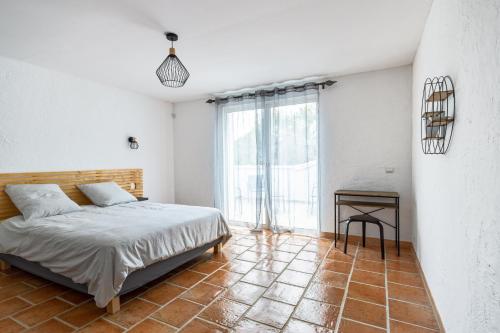 a bedroom with a bed and a table on a tiled floor at Villa Signo - Piscine privée in Signes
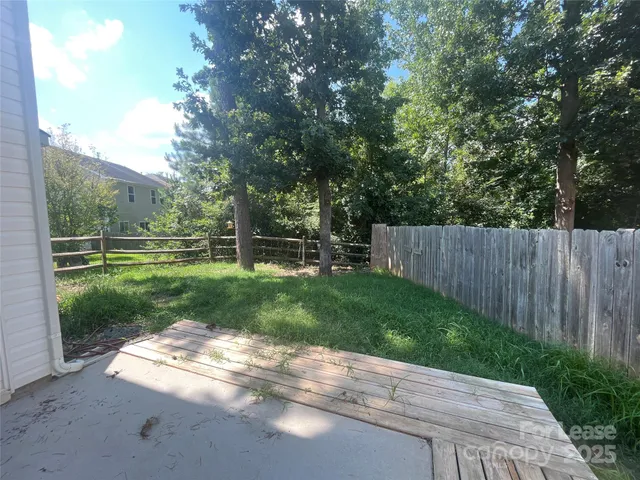 a view of a yard with wooden fence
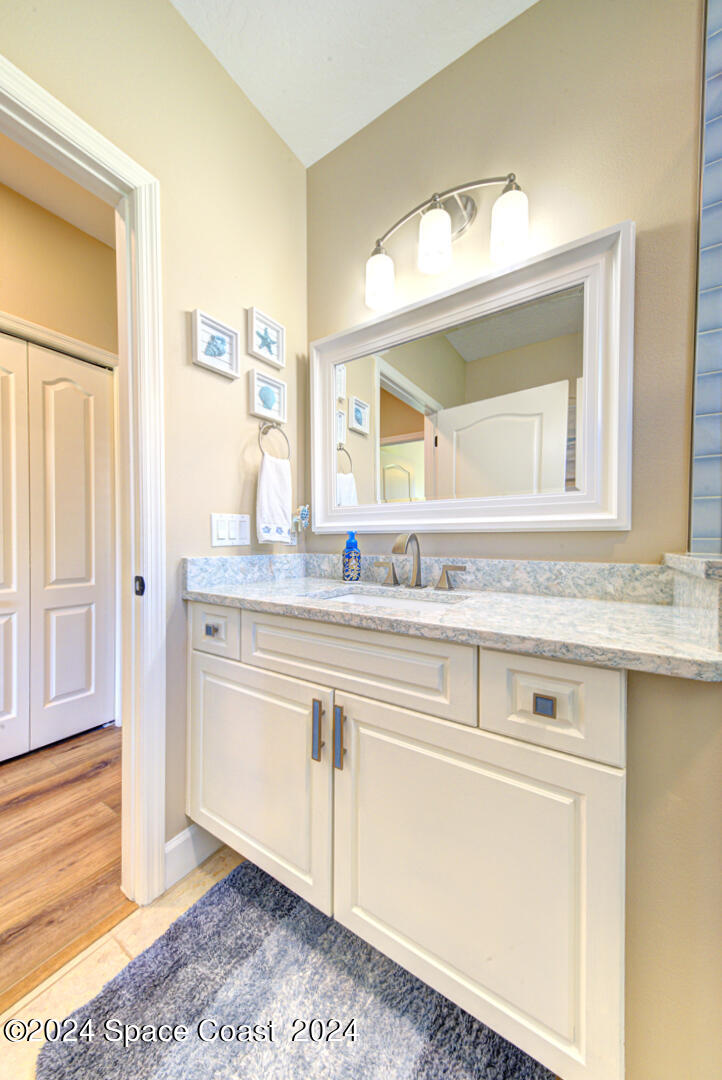 4070 Stoney Point Road Melbourne, FL 32940 - Photo 49 of 75 a bathroom with a sink and a mirror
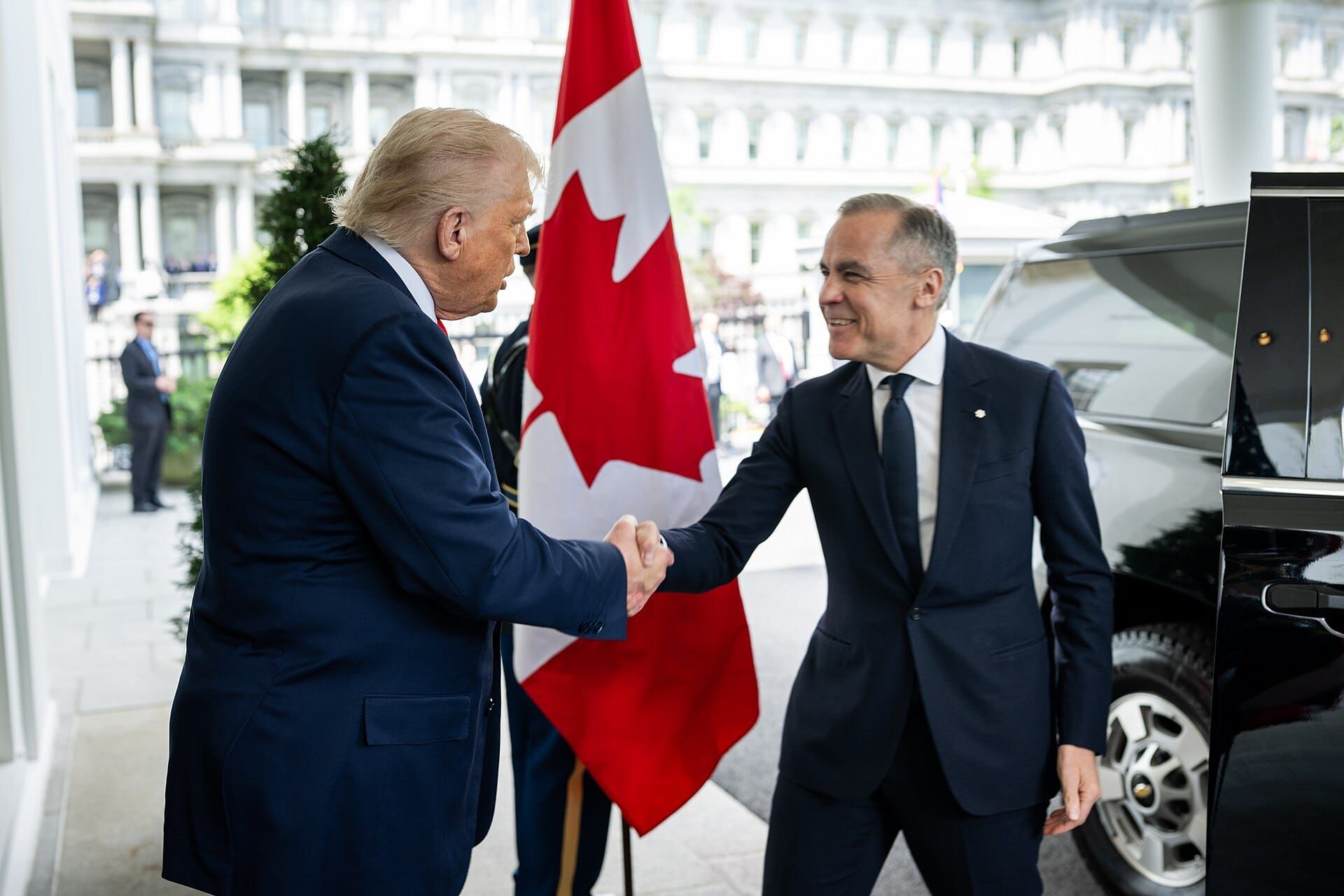 Photo showing U.S. President Donald Trump shaking hands with Prime Minister Mark Carney.
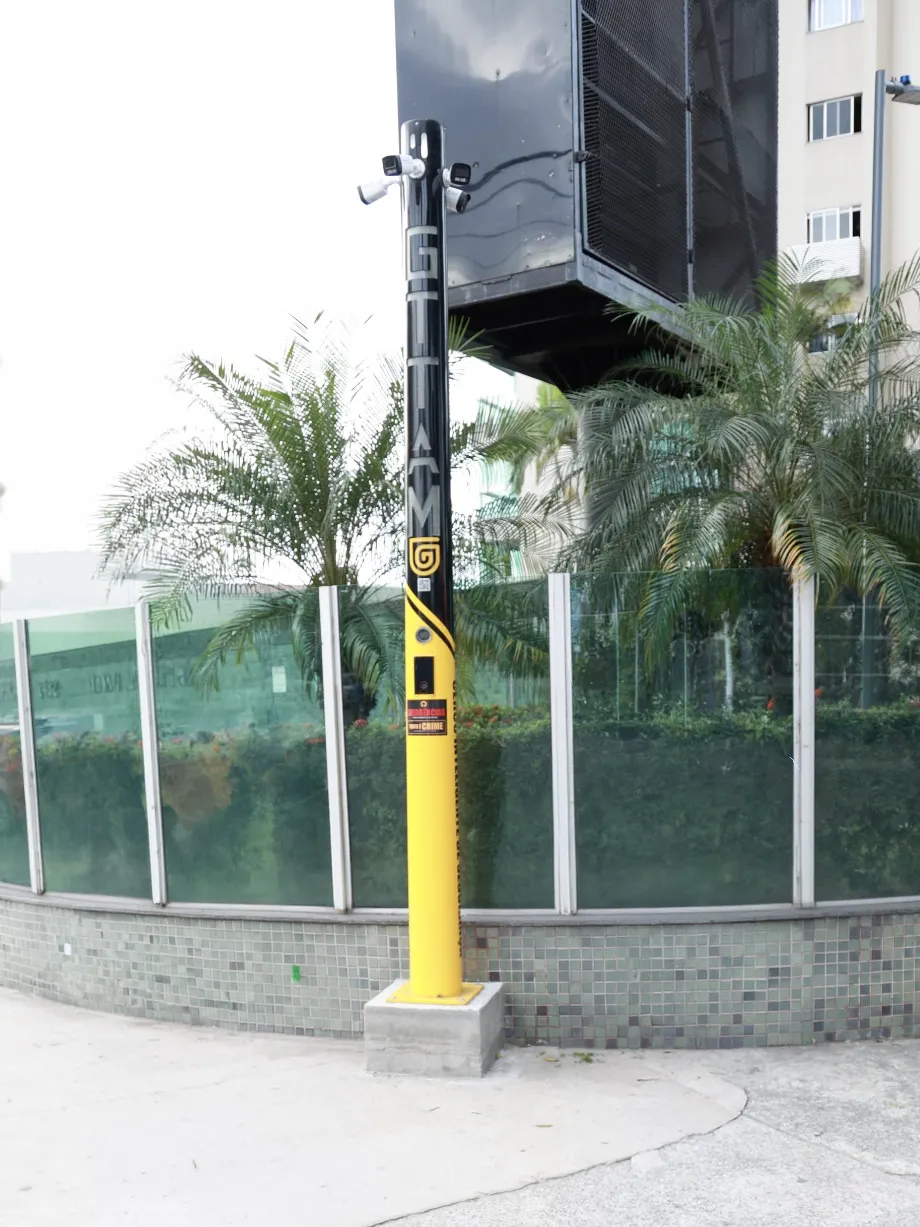 Torre de Monitoramento Inteligente da GTTAM instalada na calçada, com câmeras no topo, faixa preta com a marca e base amarela com videoporteiro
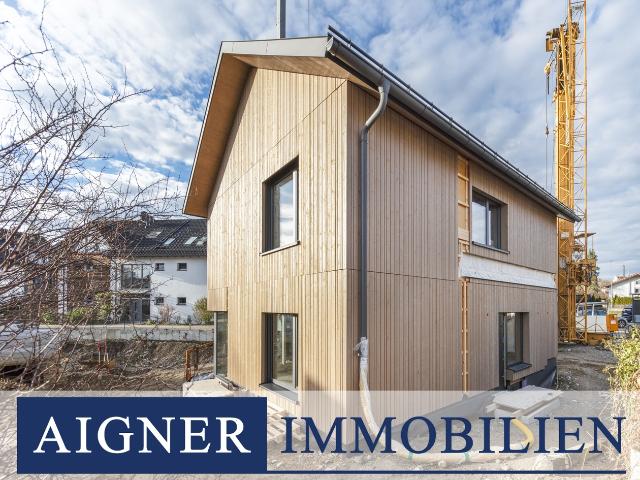 AIGNER Exklusives Architektenhaus: Stilvolles Interieur trifft auf nachhaltiges Wohnen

• • •

What you are asked to do
Leaving the pictures out, give again word for word each line from the one holding "Torre de Monitoramento" through the end of the records.

Written response
 Torre de Monitoramento Inteligente da GTTAM instalada na calçada, com câmeras no topo, faixa preta com a marca e base amarela com videoporteiro
 AIGNER Exklusives Architektenhaus: Stilvolles Interieur trifft auf nachhaltiges Wohnen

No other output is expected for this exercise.